Maurizio Penzo

 Sul nascondimento dell’essere nella filosofia di Heidegger

 

Il problema fondamentale di Essere e tempo, com’è noto, è quello di chiarificare il "senso dell’essere". Questo problema nasce da una duplice constatazione. 1) C’è innanzitutto il fatto fondamentale che noi comprendiamo necessariamente il senso dell’espressione ‘essere’. Senza questa comprensione preliminare non potremmo in alcun modo rapportarci all’ente, ed "ente è tutto ciò di cui parliamo, ciò a cui pensiamo, ciò nei cui riguardi ci comportiamo in un modo o nell’altro; ente è anche ciò che noi siamo e come noi siamo"1. Questa comprensione dell’essere (Seinsverständnis) non è una facoltà tra le altre, ma "appartiene alla costituzione essenziale del Dasein"2. Se non comprendessimo ciò che significa ‘essere’ non sapremmo distinguere l’essente dal non essente, non avremmo alcuna esperienza né di ciò che è né di ciò che non è. Non potremmo nemmeno dire che non si manifesta nulla perché, per fare un’asserzione di questo tipo, dovrebbe esserci già svelato il senso di "essere". "Noi possiamo cogliere gli enti in quanto tali, gli enti in quanto enti, solo se comprendiamo qualcosa come l’essere"3. La comprensione dell’essere consente ad Heidegger di circoscrivere il problema dell’essere nella sua differenza dall’ente. Non si tratta più, come nell’ontologia tradizionale, di stabilire ciò che veramente è e di coglierne l’essenza, ma di interrogarsi, fenomenologicamente, sul significato di ciò che noi intendiamo con la parola ‘essere’. 2) Se la comprensione dell’essere è ciò su cui si regge il nostro rapporto con l’ente, è evidente anche come questa comprensione sia avvolta da oscurità e indeterminatezza, per cui, ogni volta che tentiamo di spiegarci intorno all’essere stesso ( Sein selbst ), non riusciamo ad afferrare nulla. Il fatto è "che già da sempre viviamo in una comprensione dell’essere" ma, nel contempo, "il senso dell’essere continua a restare avvolto nell’oscurità"4. "Il concetto di ‘essere’ è anzi il più oscuro di tutti"5. Tutti comprendiamo il significato di enunciazioni come "sono contento", oppure "il cielo è azzurro" ma, se ci interroghiamo sul significato dell’è contenuto in queste enunciazioni, la cosa sembra sfuggirci di mano "e quando ci studiamo di afferrarla si dissolve come un brandello di nuvola al sole"6.

  

 Il problema è dunque questo: il senso dell’essere è manifesto e nascosto allo stesso tempo.
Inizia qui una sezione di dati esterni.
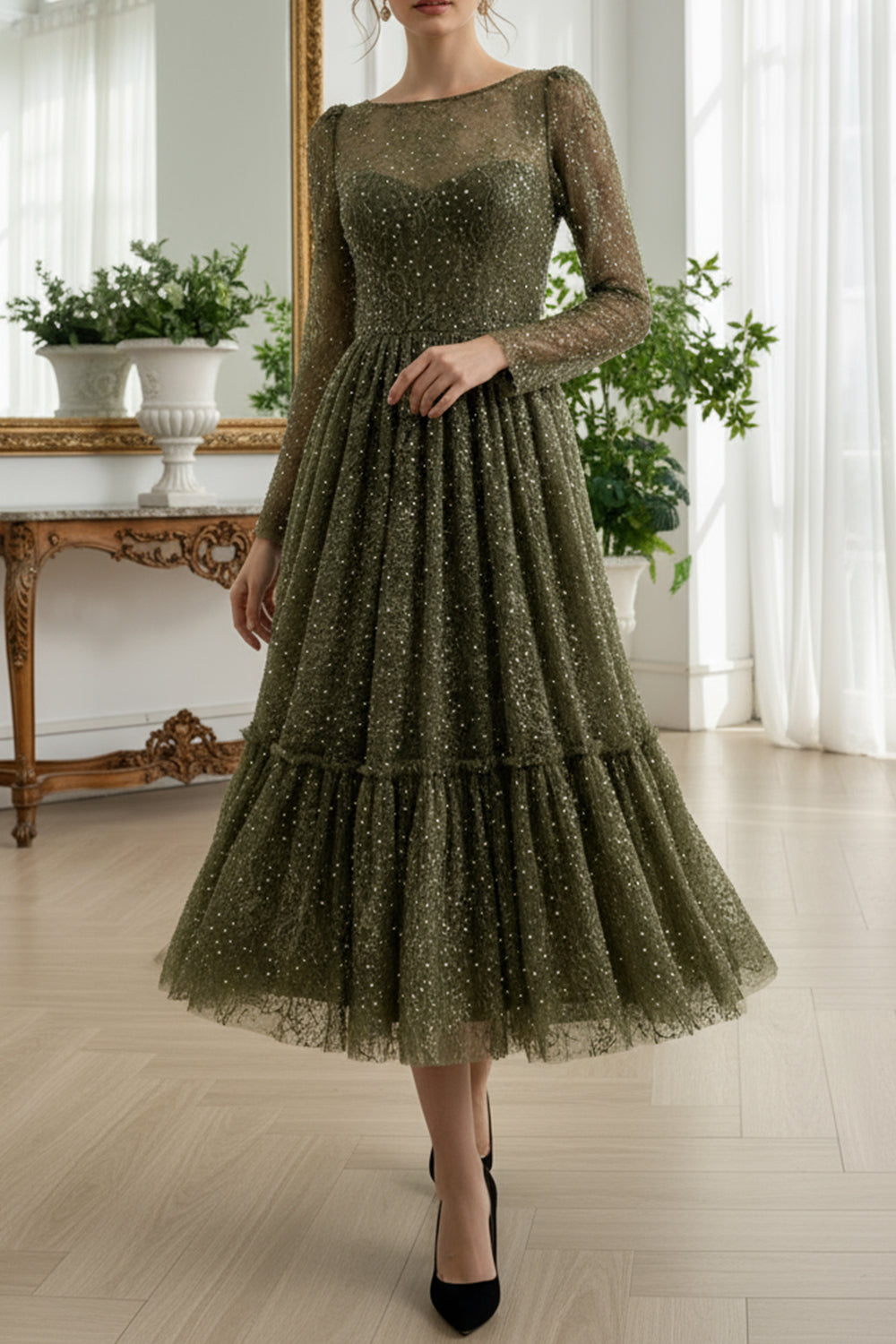 Olive Green Long Sleeve Sequin Lace Midi Dress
Se da un lato la Seinsverständnis è il presupposto ultimo del nostro sapere, dall’altro il senso dell’essere è qualcosa di "fluttuante ed evanescente"7 che sembra sottrarsi a ogni indagine chiarificatrice. Noi comprendiamo il senso "ma non sappiamo che cosa significa ‘essere’", "non siamo in grado di stabilire concettualmente il significato di questo ‘è ‘"8 . In Essere e tempo Heidegger parla di una "comprensione media e vaga dell’essere"9 che, più che rivelare, occulta il fenomeno dell’essere. Il fine dichiarato è perciò quello di risalire, al di là di questa comprensione media dominante (che però contamina anche la scienza e l’ontologia tradizionale), a una determinazione più genuina del senso dell’essere: "il problema dell’essere deve essere posto e portato a soluzione nella piena trasparenza di se stesso"10 .Se dopo la ‘svolta’ verrà abbandonato, e a ragione, qualsiasi proposito di fare piena trasparenza, sarà perché il tema del "nascondimento" (Verborgenheit) avrà acquisito, nel frattempo, un’importanza sempre più grande. L’idea che l’essere abbia un’essenziale ‘inclinazione’ al nascondimento, o che si manifesti nascondendosi, diventerà anzi il filo conduttore per un’interpretazione unitaria dell’intera storia della metafisica.

  

Innanzitutto, la metafisica non presterebbe attenzione "all’avvenimento più degno di essere discusso, ossia al fatto che l’essere si schiude necessariamente al nostro comprendere"11. Così ci si dimentica dell’essere perché il suo concetto è ritenuto qualcosa di ovvio e di scontato. Sicuramente l’essenza dell’essere "si è già illuminata" ma "rimane ancora non problematizzata"12. La metafisica non riesce a pensare l’"essenza svelante" dell’essere: essa si rappresenta sempre e soltanto l’essente e non si rende conto che ciò è possibile solo perché "già traluce l’essere"13. Secondo questa interpretazione, ciò che dell’essere si nasconde non è tanto la sua verità, quanto il fatto che questa verità è manifesta. Ciò che la metafisica non vede è che l’essere è manifesto e apre il nostro rapporto con l’ente. Tant’è che Heidegger, in molti passi, parla di un senso "altamente determinato" dell’essere, di così determinato da essere "quanto vi è di più unico" e di autenticamente compreso14. Ciò che la metafisica dimentica di pensare è la differenza tra l’essere e l’ente. L’essere non è un ente, perché è ciò che "lascia essere" l’ente. L’essere, d’altra parte, non è neanche nulla, perché, se così fosse, non solo non ci sarebbe l’ente, ma non potremmo nemmeno avere ‘notizia’o nozione del nulla. Dell’essere stesso non possiamo dire né che è né che non è e tuttavia, se non ne comprendessimo il senso, non potremmo né affermare né negare nulla. La Seinsfrage è un nodo (logico?) sul quale Heidegger ha fatto inciampare il pensiero del nostro tempo, mostrando quanto concreta e determinante sia una questione così apparentemente ‘scolastica’. Che questa questione sia stata dimenticata dipende anche - così almeno talvolta lascia supporre Heidegger - da un progressivo ‘indebolimento’ che il senso dell’essere avrebbe patito nel corso della storia occidentale. Se oggi la parola ‘essere’ è un semplice flatus vocis, con un significato tanto vago quanto apparentemente superfluo, è "perché siamo caduti fuori dal suo significato e non riusciamo a ritrovarne l’accesso"15 .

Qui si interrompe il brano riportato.